§ **Exercise**:
The copy has to match the records word for word and include no pictures.

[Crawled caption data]
-=-=-=-=-

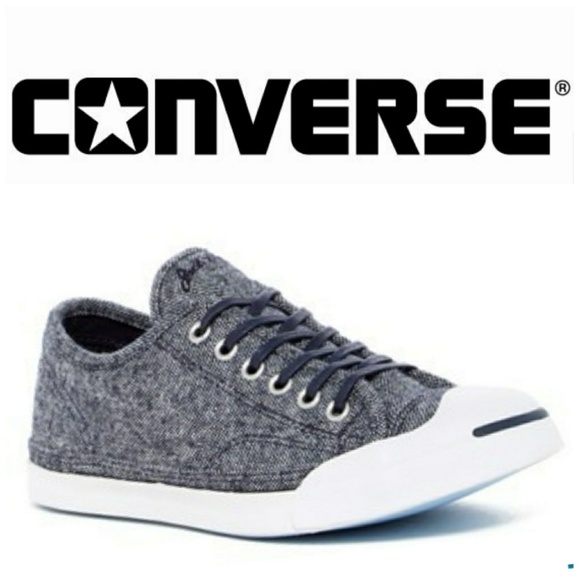 converse jack purcell wool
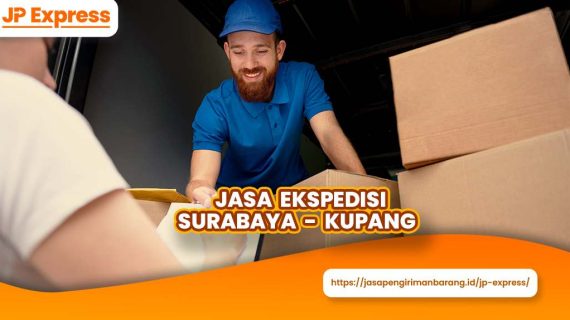 Jasa Ekspedisi Surabaya Kupang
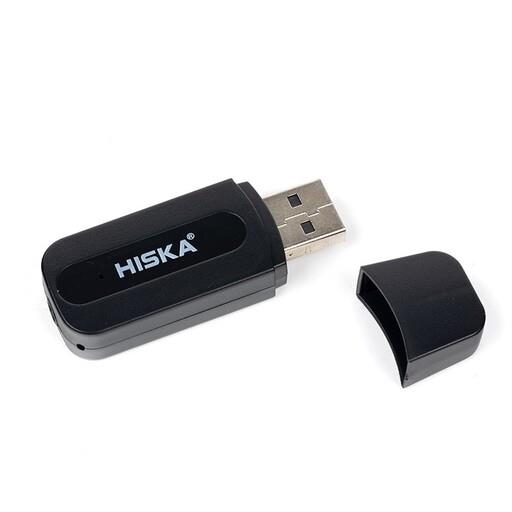 دانگل بلوتوث هیسکا مدل HR-31 با پورت USB رنگ مشکی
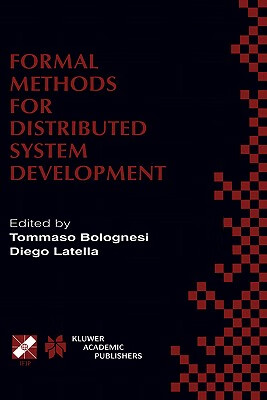 预订 Formal Methods for Distributed System Development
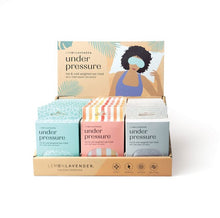 Load image into Gallery viewer, Under Pressure - Hot &amp; Cold Weighted Eye Mask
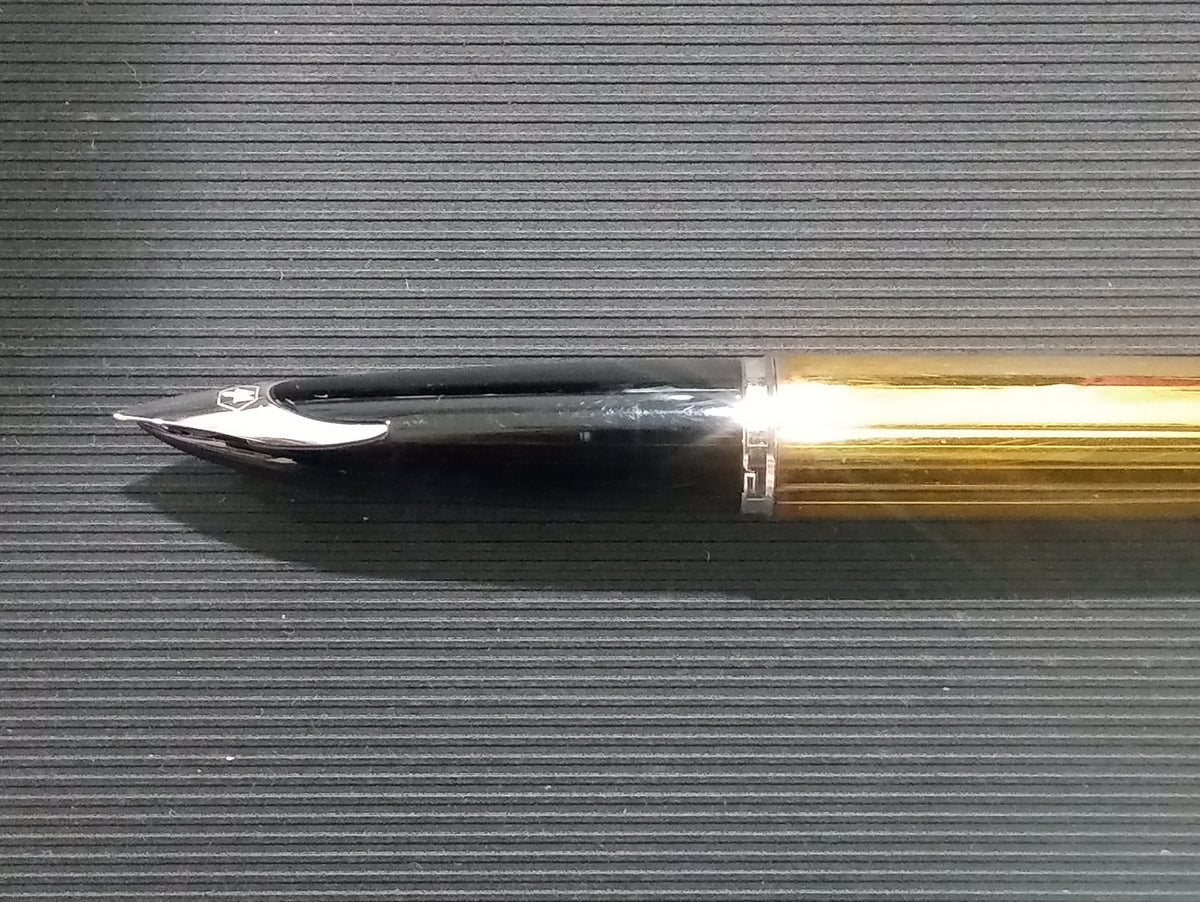 Penna stilografica Watermann Schiffer Ottone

-=-=-=-=-

§ **Solution for this exercise**:
 converse jack purcell wool
 Jasa Ekspedisi Surabaya Kupang
 دانگل بلوتوث هیسکا مدل HR-31 با پورت USB رنگ مشکی
 预订 Formal Methods for Distributed System Development
 Load image into Gallery viewer, Under Pressure - Hot &amp; Cold Weighted Eye Mask
 Penna stilografica Watermann Schiffer Ottone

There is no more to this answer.